Spoiling children should be about devoting time to them and sharing experiences not about buying stuff for them.

I don’t have the GP issue as my toddlers GP are all dead or extremely elderly but the same applies to anyone who spends time with a child. Young children want to talk to you about where they’ve been and what they’ve done not about what they’ve got.

My 3 year old never stops talking about the visits he makes to my friends farm yet barely mentions anything he received for his birthday. Focus on shared experiences and if necessary set them up for your GP and DC to enjoy together.

Janpoppy · 10/04/2024 12:47

I wonder what giving the gcs all those items means to the grandparents? Did they feel deprived as children? Is this normal for their circle of their friends? What were their own grandparents like?

It might be helpful to know what motivation the grandparents have so you know what you are up against, and you might be able to find common ground.

You could also frame this in terms of the positives you DO want for your children in terms of their relationship with the GPs and how the children see their GPs. Ultimately it changes the children's relationship with the GPs if they see them as walking vending machines of treats!

Are they aware of the non-material gifts they have to share with their grandkids? Our society is not great at honoring the wisdom that elders have, so maybe they need a reminder of the other things they have to share with their GCs, as they might not be aware the continuous gift giving is overshadowing these.

Another suggestion you could make is that they spend the money on experiences they can share with the GCs, which could be outings and even holidays as the children grow older.

saraclara · 10/04/2024 13:47

Tell the GPs that you want your children to love them for who they are, and enjoy their time with their GPs simply because they want to be with them.
Point out that they're in danger of only being loved for what gifts they give, and that you've noticed the children immediately responding to news of their visits by wondering what they'll get.

StMarieforme · 10/04/2024 13:47

I had the same issue with my daughter's grandma. (MIL) I explained that I didn't want her turning into a demanding teen who expected the latest in everything, therefore we needed to control indulging her at a young age. I told them that she wanted to spend time with them, not be bought things, as their time was very previous to her. It worked.

Superscientist · 10/04/2024 14:10

I set out from the start that I wasn't having a house full of tat and told grandparents (primarily my parents) that if they bought a bunch of stuff it would be staying at their houses.
Both grandparents are now very considered about treats and she does get regular treats from grandparents but both sets put thought into the treats rather than just grabbing at what is there.

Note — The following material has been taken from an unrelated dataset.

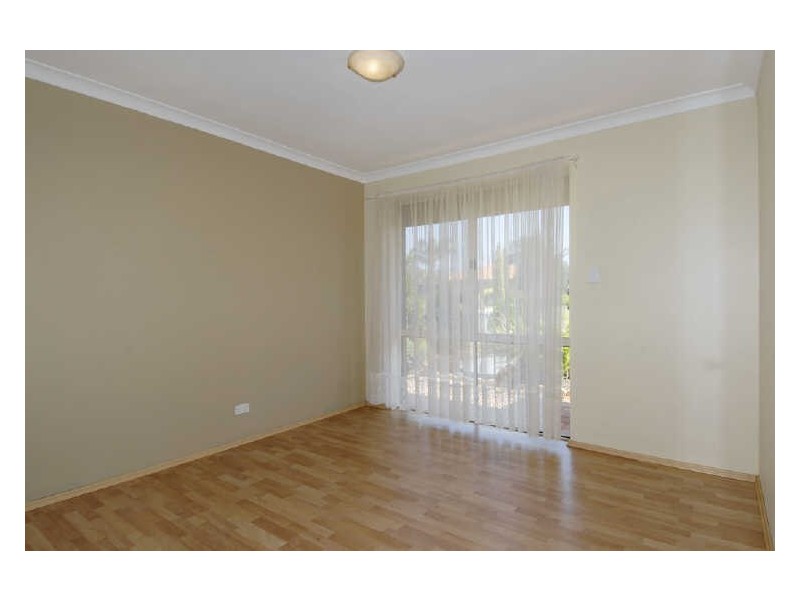 15 Torrens Drive, Waikiki WA 6169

She has had sticker books and magazines when they come to baby sit for an afternoon or when she went to the aquarium she got a fish toy. For Easter she got a bunch of stuff from both grandparents but usually she gets a toy or magazines or a book. So she gets something but overall the frequency of each is ok over the course of the year.
I think first I would tackle the purchasing of multiple things at a time and a discussion about Christmas.
We do want, need, read and wear for Christmas and birthdays. We do one set and I get my family to do a set. My mum and sister both go mad with presents, always have even pre grandchildren and nieces/nephews and this helps to focus their minds and whilst she gets quite a few presents they give them more thought

bottlenosedolphin · 10/04/2024 14:31

I had a chat with my mum about this. I think part of the issue was that when I was a kid, we lived far away from my grandparents so they would bring presents etc when they visited (which was a few times a year). My mum lives fairly close and sees the kids at least fortnightly, if not more, so they really don’t need treats the same way. I think talking that through helped it click a little bit

blackcherryconserve · 10/04/2024 14:58

As a grandmother myself I no longer have the energy to spend extended time or days out with my DGSs. DD1 actually suggested I spend money on them (having ascertained what they would like). I do write and message them too. It gives me great pleasure to spend what I can on my grandchildren and we don't consider them spoilt. I think YABU, OP.

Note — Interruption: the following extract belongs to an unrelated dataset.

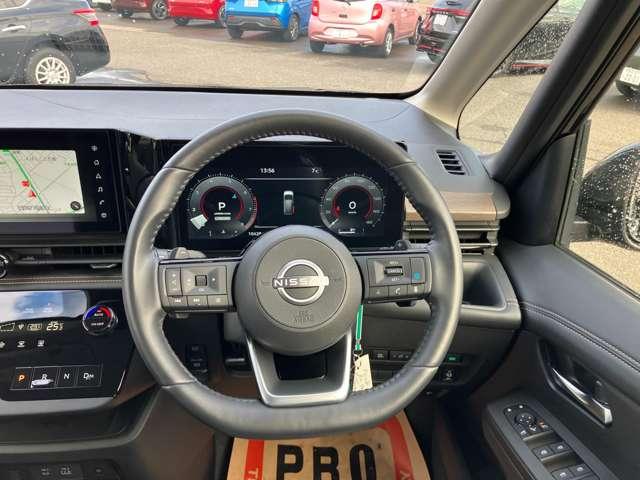 �n���h���X�C�b�`�ŃI�[�f�B�I���삪�ł��܂��B��𗣂������ʓ��𒲐��ł���̂ň��S�ł���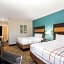 La Quinta Inn & Suites by Wyndham West Little Rock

Rosesanddaisies1 · 10/04/2024 15:10

I’m with you, you need to say something. Gifts should be for birthday and Christmas only. And it sounds like so much stuff, and terrible impact on the planet. I’d say something nicely that emphasises you want them to spend time but the gifting is excessive

Rosesanddaisies1 · 10/04/2024 15:11

Also - just do a stocking from Father Christmas, all proper presents should be specifically from you/whoever. Then kids must say thank you, and appreciate the effort someone made to get them a gift. No from a mythical source

Mrscooper13 · 11/04/2024 06:31

So ours aren’t as bad as that but are very much if I want to spoil them I am going to.

so Christmas was a trip to Disneyland Paris plus loads of presents. And she always likes to be organised and buy gifts months before so it was never what the kids really wanted.

So I have slowly started to munipulate it a little bit. We tell her about 2 months before what they want and usually a semi-big present.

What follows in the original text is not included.